REPORT RequestId: XXXXXXX Duration: 1.93 ms Billed Duration: 2 ms Memory Size: 1024 MB Max Memory Used: 52 MB Init Duration: 314.08 ms
ログの最後に、上記のようなInit Duration
という記述があればコールドスタートである。
検証
まず、num='1'
として実行してみると実行結果は以下のようになる。
START RequestId: XXXX Version: $LATEST
[]
['/tmp/1.txt']
END RequestId: XXXX
REPORT RequestId: XXXX Duration: 1.71 ms Billed Duration: 2 ms Memory Size: 1024 MB Max Memory Used: 36 MB Init Duration: 110.84 ms
次に、num='2'
として実行してみると実行結果は以下のようになる。
START RequestId: XXXX Version: $LATEST
['/tmp/1.txt']
['/tmp/2.txt', '/tmp/1.txt']
END RequestId: XXXX
REPORT RequestId: XXXX Duration: 2.09 ms Billed Duration: 3 ms Memory Size: 1024 MB Max Memory Used: 37 MB
実行結果から、ウォームスタート時は、/tmp
ディレクトリ内のファイルは継承されていることがわかる。
/tmpディレクトリ以下のファイルを継承させない方法
Lambda関数を実行したときに、/tmp
ディレクトリ内に意図しないファイルが残る可能性があるので、これの回避方法を考える。
例えば以下のように
import glob
import os
def lambda_handler(event, context):
print(glob.glob('/tmp/*.txt', recursive=True))
num = event['num']
with open(f'/tmp/{num}.txt', "w", encoding='UTF-8') as f:
f.write('testtest')
print(glob.glob('/tmp/*.txt', recursive=True))

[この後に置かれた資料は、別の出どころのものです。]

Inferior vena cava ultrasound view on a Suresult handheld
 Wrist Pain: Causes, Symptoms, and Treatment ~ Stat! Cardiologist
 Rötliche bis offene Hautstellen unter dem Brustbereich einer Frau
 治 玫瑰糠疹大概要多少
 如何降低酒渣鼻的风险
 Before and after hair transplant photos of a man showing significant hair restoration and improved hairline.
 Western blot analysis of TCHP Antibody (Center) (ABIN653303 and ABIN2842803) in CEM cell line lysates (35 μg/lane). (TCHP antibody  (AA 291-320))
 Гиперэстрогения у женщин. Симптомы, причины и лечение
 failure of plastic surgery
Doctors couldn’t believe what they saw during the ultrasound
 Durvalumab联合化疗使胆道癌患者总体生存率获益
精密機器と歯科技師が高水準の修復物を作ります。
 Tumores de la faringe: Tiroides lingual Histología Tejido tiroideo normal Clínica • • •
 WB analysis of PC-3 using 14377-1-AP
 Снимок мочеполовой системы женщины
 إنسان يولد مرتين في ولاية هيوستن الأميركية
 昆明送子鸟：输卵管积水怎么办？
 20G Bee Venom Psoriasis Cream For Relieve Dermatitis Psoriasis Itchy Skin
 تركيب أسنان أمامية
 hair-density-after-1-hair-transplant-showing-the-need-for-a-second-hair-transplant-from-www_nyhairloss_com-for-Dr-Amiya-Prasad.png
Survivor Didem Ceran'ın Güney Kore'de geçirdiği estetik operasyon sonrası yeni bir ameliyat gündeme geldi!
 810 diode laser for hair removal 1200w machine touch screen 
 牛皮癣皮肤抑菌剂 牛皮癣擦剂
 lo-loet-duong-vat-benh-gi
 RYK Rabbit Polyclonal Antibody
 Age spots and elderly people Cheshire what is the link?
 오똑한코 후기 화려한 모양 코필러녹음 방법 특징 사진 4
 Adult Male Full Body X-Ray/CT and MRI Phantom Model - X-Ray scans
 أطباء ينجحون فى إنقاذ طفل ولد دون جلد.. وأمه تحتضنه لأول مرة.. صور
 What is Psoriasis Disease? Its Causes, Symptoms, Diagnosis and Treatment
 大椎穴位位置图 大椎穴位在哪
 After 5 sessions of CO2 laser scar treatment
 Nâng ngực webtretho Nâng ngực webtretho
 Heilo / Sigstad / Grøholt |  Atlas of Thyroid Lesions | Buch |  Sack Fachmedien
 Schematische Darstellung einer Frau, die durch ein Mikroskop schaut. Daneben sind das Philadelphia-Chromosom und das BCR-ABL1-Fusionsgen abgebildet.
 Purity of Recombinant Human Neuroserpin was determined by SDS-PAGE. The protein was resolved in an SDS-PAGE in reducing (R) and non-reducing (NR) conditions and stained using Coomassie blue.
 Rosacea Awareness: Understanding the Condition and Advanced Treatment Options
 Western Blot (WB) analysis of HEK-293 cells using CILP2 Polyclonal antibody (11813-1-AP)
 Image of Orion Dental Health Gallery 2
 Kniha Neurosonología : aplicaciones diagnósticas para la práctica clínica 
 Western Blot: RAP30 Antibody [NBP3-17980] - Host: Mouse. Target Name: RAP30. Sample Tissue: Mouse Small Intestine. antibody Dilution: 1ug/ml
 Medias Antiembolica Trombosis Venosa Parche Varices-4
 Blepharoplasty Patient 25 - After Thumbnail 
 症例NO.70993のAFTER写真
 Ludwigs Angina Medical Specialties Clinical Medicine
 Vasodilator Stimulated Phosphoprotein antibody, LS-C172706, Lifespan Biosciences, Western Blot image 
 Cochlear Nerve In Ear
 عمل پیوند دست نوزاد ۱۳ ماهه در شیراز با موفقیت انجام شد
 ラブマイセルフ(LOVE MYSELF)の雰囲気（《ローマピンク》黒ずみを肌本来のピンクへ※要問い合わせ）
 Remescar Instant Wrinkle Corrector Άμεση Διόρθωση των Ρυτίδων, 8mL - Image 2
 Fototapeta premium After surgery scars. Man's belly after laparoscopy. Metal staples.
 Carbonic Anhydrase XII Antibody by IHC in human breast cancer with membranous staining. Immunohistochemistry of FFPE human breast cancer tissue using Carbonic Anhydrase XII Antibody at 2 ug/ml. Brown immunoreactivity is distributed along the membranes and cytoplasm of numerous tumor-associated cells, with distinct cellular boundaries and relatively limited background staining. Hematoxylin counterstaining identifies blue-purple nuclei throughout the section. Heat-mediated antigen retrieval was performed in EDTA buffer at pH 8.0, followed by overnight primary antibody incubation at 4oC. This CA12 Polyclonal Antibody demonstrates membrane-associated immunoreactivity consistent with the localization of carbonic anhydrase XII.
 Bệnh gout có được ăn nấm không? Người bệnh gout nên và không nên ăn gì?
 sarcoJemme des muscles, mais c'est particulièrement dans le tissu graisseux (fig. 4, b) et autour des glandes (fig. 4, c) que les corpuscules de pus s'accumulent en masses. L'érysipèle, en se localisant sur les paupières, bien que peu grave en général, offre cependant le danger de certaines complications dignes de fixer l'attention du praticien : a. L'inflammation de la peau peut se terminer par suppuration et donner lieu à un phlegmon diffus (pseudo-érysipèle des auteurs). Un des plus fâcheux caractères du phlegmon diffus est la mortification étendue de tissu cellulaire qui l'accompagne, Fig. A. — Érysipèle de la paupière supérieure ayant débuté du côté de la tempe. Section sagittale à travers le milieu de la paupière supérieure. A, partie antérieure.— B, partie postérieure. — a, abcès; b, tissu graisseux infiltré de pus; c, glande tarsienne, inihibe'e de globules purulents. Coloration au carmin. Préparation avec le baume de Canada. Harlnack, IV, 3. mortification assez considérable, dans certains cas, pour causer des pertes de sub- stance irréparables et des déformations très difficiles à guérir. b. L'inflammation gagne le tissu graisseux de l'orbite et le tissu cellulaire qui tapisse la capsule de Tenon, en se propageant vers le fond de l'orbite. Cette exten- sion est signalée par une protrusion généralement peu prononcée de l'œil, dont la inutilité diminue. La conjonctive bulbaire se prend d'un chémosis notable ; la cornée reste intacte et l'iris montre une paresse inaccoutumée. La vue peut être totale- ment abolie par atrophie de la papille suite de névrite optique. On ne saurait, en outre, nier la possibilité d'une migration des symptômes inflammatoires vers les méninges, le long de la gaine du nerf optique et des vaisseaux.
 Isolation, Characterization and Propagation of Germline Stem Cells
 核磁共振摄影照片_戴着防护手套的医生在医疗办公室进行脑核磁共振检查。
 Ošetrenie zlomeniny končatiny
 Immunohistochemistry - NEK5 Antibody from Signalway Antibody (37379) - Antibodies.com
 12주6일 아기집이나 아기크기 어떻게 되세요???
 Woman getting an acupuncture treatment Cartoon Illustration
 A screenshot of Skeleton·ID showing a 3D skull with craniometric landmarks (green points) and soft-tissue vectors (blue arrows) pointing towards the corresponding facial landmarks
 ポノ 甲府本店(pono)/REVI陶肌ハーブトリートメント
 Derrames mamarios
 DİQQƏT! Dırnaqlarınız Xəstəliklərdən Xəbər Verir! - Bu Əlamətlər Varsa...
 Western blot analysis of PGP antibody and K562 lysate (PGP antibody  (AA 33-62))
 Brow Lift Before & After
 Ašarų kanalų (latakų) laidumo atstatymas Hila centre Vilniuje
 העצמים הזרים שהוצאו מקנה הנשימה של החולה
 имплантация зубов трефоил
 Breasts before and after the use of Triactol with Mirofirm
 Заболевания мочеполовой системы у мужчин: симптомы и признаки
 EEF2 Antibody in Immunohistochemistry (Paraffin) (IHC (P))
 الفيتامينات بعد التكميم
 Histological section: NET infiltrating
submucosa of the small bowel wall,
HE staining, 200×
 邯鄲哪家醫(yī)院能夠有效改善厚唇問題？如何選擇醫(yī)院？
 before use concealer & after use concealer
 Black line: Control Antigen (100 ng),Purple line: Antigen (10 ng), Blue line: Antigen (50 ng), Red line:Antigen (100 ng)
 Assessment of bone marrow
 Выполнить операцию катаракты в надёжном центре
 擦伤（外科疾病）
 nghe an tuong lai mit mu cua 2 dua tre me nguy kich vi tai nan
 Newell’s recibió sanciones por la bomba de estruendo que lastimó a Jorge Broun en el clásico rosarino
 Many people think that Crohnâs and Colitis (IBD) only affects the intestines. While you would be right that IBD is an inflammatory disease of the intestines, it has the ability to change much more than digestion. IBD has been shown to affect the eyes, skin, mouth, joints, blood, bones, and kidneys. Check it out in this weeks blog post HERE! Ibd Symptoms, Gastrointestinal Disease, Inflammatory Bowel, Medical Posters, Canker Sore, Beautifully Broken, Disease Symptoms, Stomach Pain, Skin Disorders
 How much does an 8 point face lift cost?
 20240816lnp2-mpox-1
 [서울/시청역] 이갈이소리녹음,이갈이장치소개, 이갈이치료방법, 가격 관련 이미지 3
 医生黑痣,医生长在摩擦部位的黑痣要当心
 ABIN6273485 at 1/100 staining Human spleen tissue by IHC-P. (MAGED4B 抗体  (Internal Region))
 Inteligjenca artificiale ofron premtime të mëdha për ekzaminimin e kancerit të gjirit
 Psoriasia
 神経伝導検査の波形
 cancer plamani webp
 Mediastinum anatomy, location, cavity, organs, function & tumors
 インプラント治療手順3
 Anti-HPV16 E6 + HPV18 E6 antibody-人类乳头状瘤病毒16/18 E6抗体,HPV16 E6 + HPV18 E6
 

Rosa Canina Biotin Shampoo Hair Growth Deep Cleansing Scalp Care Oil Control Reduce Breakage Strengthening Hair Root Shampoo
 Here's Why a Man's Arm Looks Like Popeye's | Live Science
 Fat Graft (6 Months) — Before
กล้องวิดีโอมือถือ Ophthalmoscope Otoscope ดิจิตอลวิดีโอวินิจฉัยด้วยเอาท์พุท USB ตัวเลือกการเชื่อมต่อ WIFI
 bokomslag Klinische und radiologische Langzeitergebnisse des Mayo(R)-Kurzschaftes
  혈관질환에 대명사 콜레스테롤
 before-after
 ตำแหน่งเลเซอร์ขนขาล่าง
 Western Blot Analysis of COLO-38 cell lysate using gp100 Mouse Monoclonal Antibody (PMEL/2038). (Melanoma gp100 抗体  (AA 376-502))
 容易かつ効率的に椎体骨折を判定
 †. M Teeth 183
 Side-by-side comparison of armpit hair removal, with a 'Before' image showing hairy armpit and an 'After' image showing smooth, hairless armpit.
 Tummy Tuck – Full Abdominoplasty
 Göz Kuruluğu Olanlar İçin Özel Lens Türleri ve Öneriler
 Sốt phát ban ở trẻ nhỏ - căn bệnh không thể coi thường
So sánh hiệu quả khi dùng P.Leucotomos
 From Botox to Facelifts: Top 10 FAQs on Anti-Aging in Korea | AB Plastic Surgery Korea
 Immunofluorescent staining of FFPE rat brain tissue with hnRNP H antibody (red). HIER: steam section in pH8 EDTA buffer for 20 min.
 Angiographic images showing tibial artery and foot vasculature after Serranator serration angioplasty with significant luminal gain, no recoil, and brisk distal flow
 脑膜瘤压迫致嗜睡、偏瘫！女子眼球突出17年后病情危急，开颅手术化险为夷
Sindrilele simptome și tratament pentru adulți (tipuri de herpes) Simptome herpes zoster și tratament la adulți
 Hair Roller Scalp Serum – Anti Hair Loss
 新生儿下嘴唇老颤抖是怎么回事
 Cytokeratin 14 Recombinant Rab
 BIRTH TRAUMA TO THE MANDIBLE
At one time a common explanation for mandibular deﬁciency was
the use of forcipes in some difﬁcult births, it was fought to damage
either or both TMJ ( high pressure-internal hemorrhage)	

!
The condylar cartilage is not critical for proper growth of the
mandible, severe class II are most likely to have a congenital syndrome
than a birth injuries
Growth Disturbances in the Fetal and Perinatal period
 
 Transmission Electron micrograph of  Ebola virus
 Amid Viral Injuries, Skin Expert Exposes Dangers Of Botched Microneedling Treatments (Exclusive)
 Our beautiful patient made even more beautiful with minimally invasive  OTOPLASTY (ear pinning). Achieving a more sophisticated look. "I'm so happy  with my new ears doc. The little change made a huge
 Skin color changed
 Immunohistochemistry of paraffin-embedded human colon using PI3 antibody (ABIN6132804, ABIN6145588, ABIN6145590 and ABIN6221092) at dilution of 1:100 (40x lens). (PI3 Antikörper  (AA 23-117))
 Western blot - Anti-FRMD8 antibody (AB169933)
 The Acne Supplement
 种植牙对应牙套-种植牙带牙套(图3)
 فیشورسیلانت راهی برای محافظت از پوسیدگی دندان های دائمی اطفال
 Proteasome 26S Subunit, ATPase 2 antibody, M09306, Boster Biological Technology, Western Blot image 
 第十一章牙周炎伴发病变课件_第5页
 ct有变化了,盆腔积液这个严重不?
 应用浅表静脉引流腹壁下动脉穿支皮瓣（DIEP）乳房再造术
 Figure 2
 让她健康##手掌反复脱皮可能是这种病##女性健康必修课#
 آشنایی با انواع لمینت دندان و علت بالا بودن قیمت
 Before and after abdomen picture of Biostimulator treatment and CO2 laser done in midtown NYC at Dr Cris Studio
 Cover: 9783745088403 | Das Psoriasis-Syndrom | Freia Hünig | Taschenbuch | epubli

os.remove(f'/tmp/{num}.txt')
print(glob.glob('/tmp/*.txt', recursive=True))
コードの最後に出力したファイルを削除するような処理を追加してあげればよい。(コードの最初に追加してもよい)
num='1'
のとき
START RequestId: XXXX Version: $LATEST
[]
['/tmp/1.txt']
[]
END RequestId: XXXX
REPORT RequestId: XXXX Duration: 1.69 ms Billed Duration: 2 ms Memory Size: 1024 MB Max Memory Used: 36 MB Init Duration: 102.89 ms
num='2'
のとき
START RequestId: XXXX Version: $LATEST
[]
['/tmp/2.txt']
[]
END RequestId: XXXX
REPORT RequestId: XXXX Duration: 2.71 ms Billed Duration: 3 ms Memory Size: 1024 MB Max Memory Used: 37 MB
このように、前回の実行時のファイルを継承しないことが可能となる。
まとめ
Lambdaのウォームスタート時は、前回実行時の/tmp
ディレクトリ内をそのまま継承することが明らかになった。この場合、意図しないファイルが次回実行に継承されてしまう恐れがあるので、そこを考慮してコーディングするのが良さそうだ。